Rotten but Not Forgotten: Cherished Corpses in William Faulkner's Short Story "A Rose for Emily" A streak of insanity seems to run through the once-distinguished Grierson family of William Faulkner's mythical town of Jefferson, Mississippi, within his short story "A Rose for Emily." Near the beginning of the story, a surviving,...
Rotten but Not Forgotten: Cherished Corpses in William Faulkner's Short Story "A Rose for Emily" A streak of insanity seems to run through the once-distinguished Grierson family of William Faulkner's mythical town of Jefferson, Mississippi, within his short story "A Rose for Emily." Near the beginning of the story, a surviving, never married Grierson daughter, Emily, is shown demonstrating her extreme reluctance, even three days after her overbearing father's death, to allow his body to be removed by authorities from the house: The day after his death.
Miss Emily met them at the door. She told them that her father was not dead. She did that for three days, with the ministers calling on her, and the doctors, trying to persuade her to let them dispose of the body. Just as they were about to resort to law and force, she broke down, and they buried her father quickly. We did not say she was crazy then. .We knew that with nothing left, she would have to cling to that which had robbed her. (p.

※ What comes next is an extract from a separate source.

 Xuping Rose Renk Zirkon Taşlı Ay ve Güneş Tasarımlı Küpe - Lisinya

32) Later, Emily poisons her one-time Yankee suitor Homer Barron, whom the town had conjectured would marry her. After that, as readers learn only at the end, Emily keeps Homer's corpse locked away, decomposing, inside her own bedroom. Emily's reluctance to part with first her father's dead body, and then that of Homer Barron, springs from an understandable effort to control her surroundings and circumstances, as she could not do in the company of either of these men while he remained alive.

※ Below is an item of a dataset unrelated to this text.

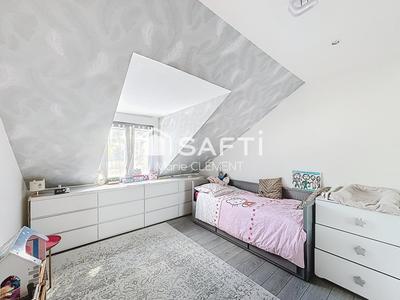 Maison - 123 m² - 5 pièces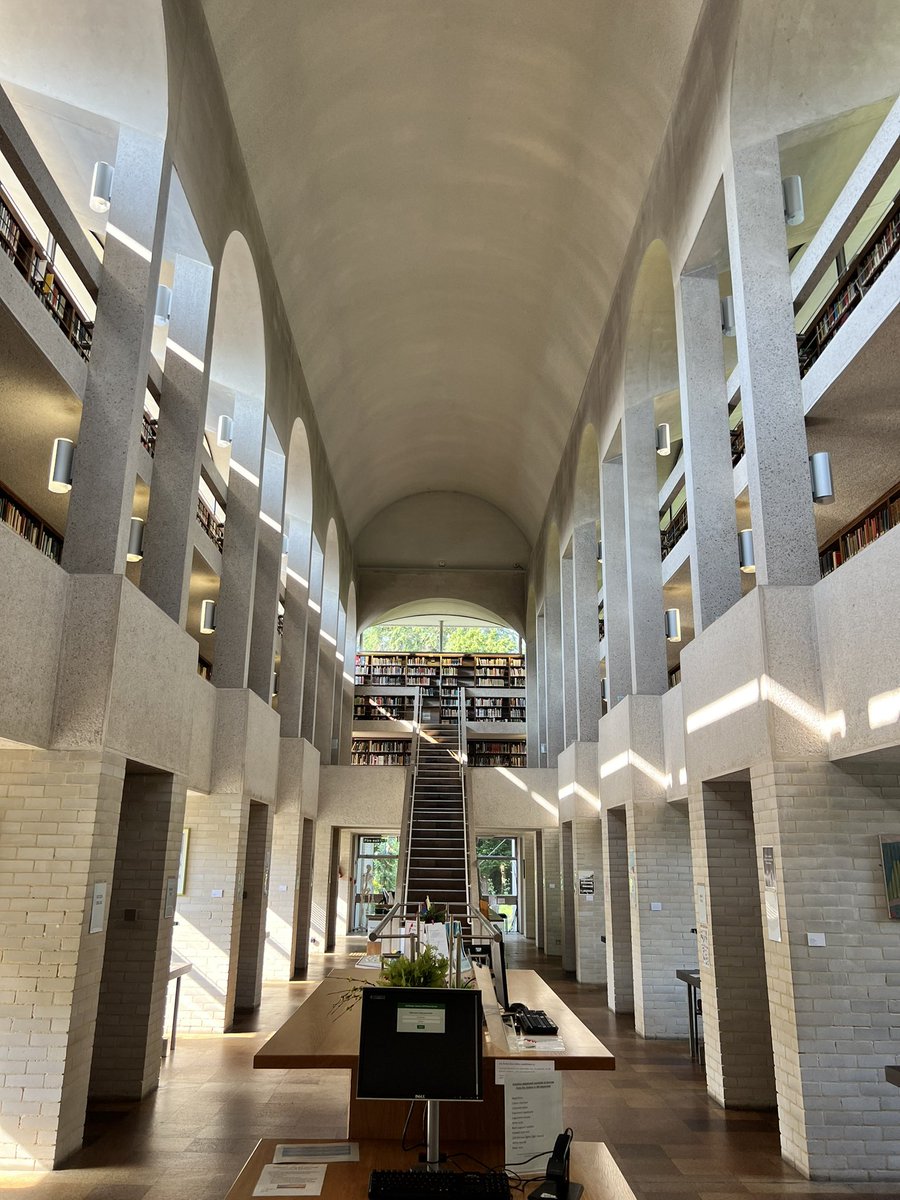 Morning sunlight in the #MurrayEdwards library.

At the opening of Faulkner's "A Rose for Emily," the once-important Grierson family of Jefferson is fast dying out. The reclusive spinster daughter of the family, Emily, having just lost her father, is Jefferson's only surviving Grierson. When he was alive, Emily's father had refused to let Emily date young men. Having never married, then, Emily is now completely alone. Within the town of Jefferson itself, modernization is taking place all around Emily, even as Emily herself remains locked, year after year, inside her impenetrable home.

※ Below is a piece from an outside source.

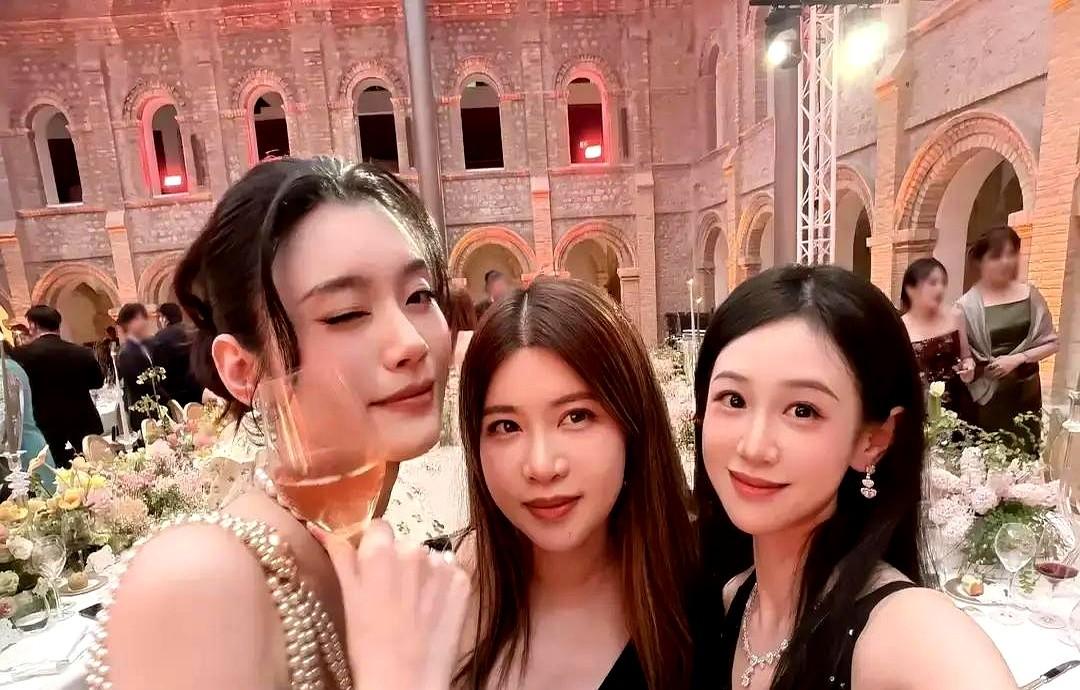 奚梦瑶婚礼，200个宾客，199个是老板的客户。
当年T台那一跤，直接摔没了她所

The town itself is, however, quite literally reinventing itself, thus rendering the Grierson mansion, and the town's memory of its current and past occupants, anachronistic. One day a Yankee named Homer Barron arrives to supervise all the construction going on around the Grierson mansion. Homer knocks on Emily's door, and soon they are seen going out together. But Homer departs from Jefferson at about the time relatives from Alabama come to visit Emily.
After that, people in Jefferson do see Homer return to the town and enter Emily's house, but after that Homer is never again seen. His whereabouts becomes a town mystery, as Emily herself has also become, over the years. The only trace of Homer (and no one knows, then, that it is in fact Homer's rotting body) is a mysterious odor coming from Emily's house.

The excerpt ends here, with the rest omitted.